When in Parliament or government, the seriously wealthy may be less vulnerable either to flattery or mega-bucks. You may not agree with the policy choices they make, but incorruptibility has to be a virtue. And while wealth does not necessarily exclude venality – there are always those who want more than they have – and the poor can be absolutely as principled as the super-rich, a cushion of cash means that someone neither needs, nor needs to bestow, favours.

You may laugh a hollow laugh, and there are – it goes without saying – reasons beyond money why people, including politicians, act dishonestly. David Laws fiddled his expenses, as he admitted, to conceal his living arrangements; he did not need the money. Chris Huhne passed on his speeding points not because he could not pay the fine, he could have paid it many times over, but because – it must be presumed – he did not want the inconvenience and the shame of losing his licence.

All that said, not being beholden to anyone for anything is a virtue, and one that money makes simpler than it would otherwise be. Remember the bad taste that the Blair family holidays with sundry celebrity patrons left behind, and how we tried to establish whether and how much they had paid? Or Nicolas Sarkozy’s post-election yacht trip, courtesy of a multimillionaire businessman, or the Clintons’ difficulties over the Whitewater property venture that actually lost money, while turning into a legal and ethical minefield?

When they moved into the Downing Street flat, the Camerons paid for a new kitchen themselves, and consider the benefits. Instead of constant speculation about how much Samantha’s new kitchen cost there has been almost no interest. It is their business. The rich don’t need to “flip” houses to make a few bob; they don’t need free cars or free holidays that place them in debt to others.

These are also arguments for paying MPs and other public servants a decent salary. But there is a big difference between depending on a salary, however adequate, and the financial security that frees someone from undue influence. The whiff of scandal that haunted the Blairs and the Clintons showed the perils of not having quite enough.

What is it in the aisles that ails me?

Notwithstanding Sainsbury’s latest stellar figures, I am wondering whether our big supermarkets might be approaching a turning point. I went food shopping last weekend and the thought occurred as I contemplated the piles of bagged salad, bruised apples, unripe pears and the benighted banks of “self-checkouts”.

My expedition was a disaster. The one time I was hoping for special offers, buy-one-get-one-free etc, there were precious few to be had. If this means that someone is tackling waste, after Tesco’s revelations about how much it, and its customers, throw in the bin, that’s all to the good. But the quality and variety seemed lower than it used to be; assistance sparse, and morale sagging – in so far as you can judge such matters.
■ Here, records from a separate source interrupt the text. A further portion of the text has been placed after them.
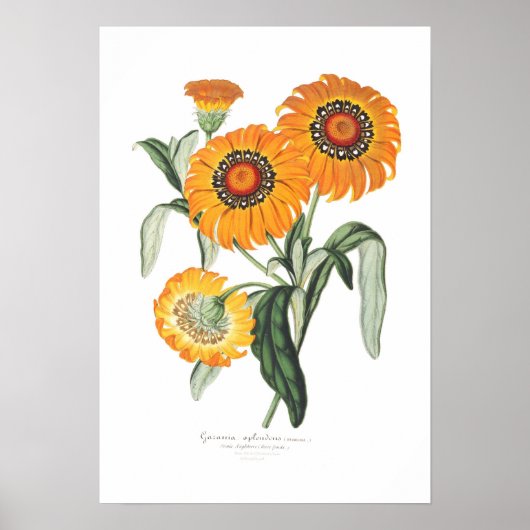 Gazania splendens poster (Voorkant)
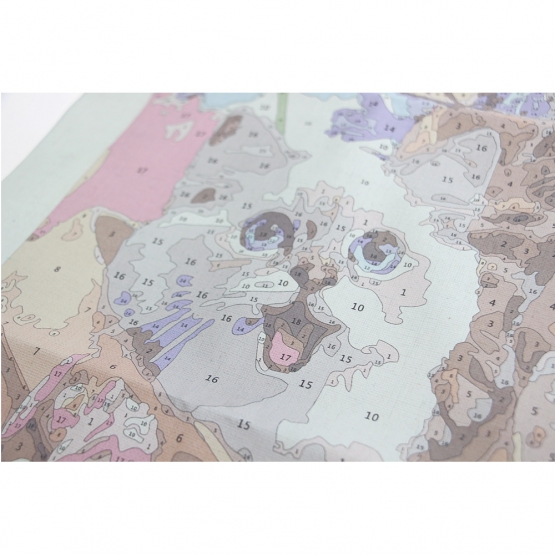 Malování podle čísel Koťata 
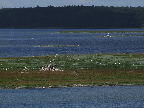 image/_roskilde_fjord-2230.jpg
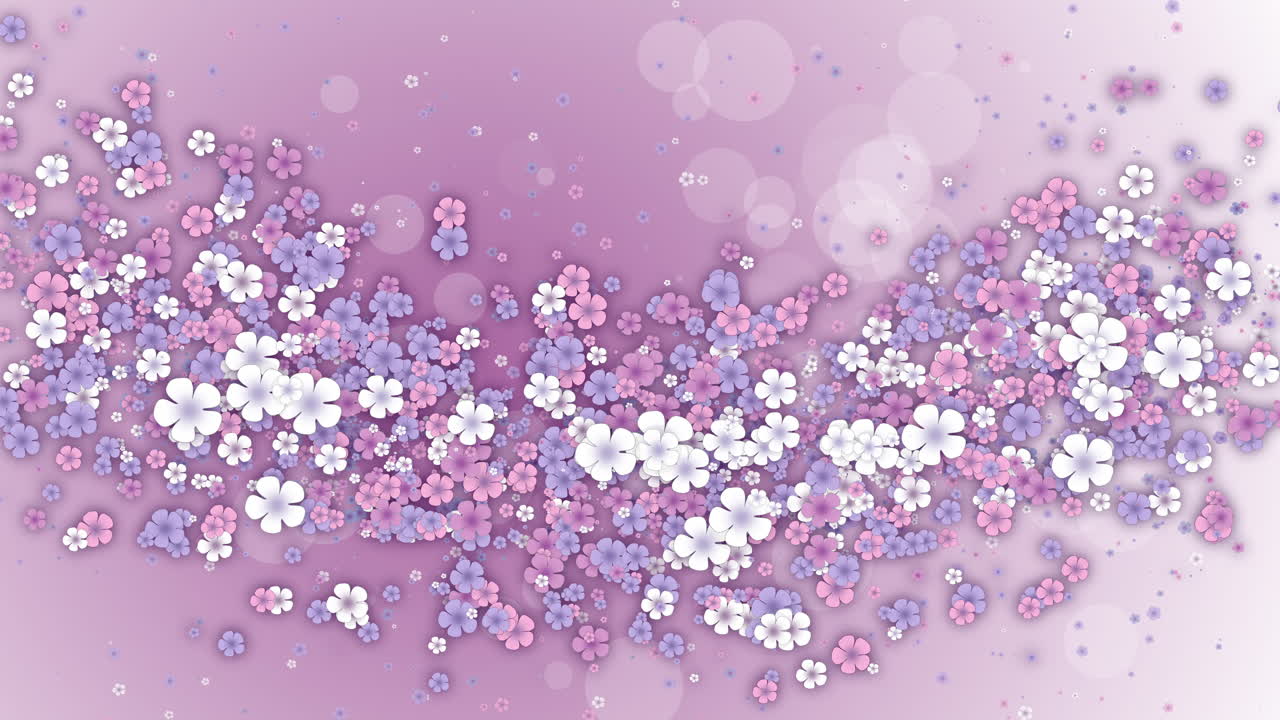 Floral design. Floating colored spring flowers on pink background. Looped holiday animation.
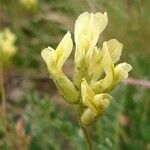 Oxytropis campestris 花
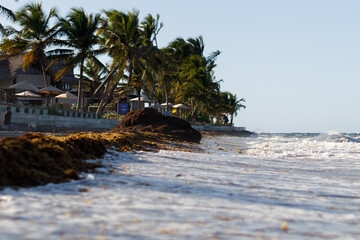 White sand beach with palm trees, huge waves in Atlantic Ocean on sunny day. Seaweed in the water and on the shore. Vacation season in the Dominican Republic. Hurricane season in the Caribbean.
Of course, local management may be to blame. But as more of the big chains plant little replicas of themselves around city centres, we seem to be following a continental model without the essential ingredients that make it work.

For years British supermarkets have prided themselves in being global leaders, in general quality, freshness and choice. Over the past decade, I would say, that has been changing. We have been caught up and overtaken by our European neighbours, who pioneered the trend away from out-of-town hypermarkets and towards smaller in-town branches – recognising, perhaps, that food alone was insufficient reason to spend valuable time and fuel traipsing to the outskirts. The trouble is that our high streets have largely lost the specialist shops that supplement those smaller chain stores. Could the twilight of the hypermarket encourage their rebirth?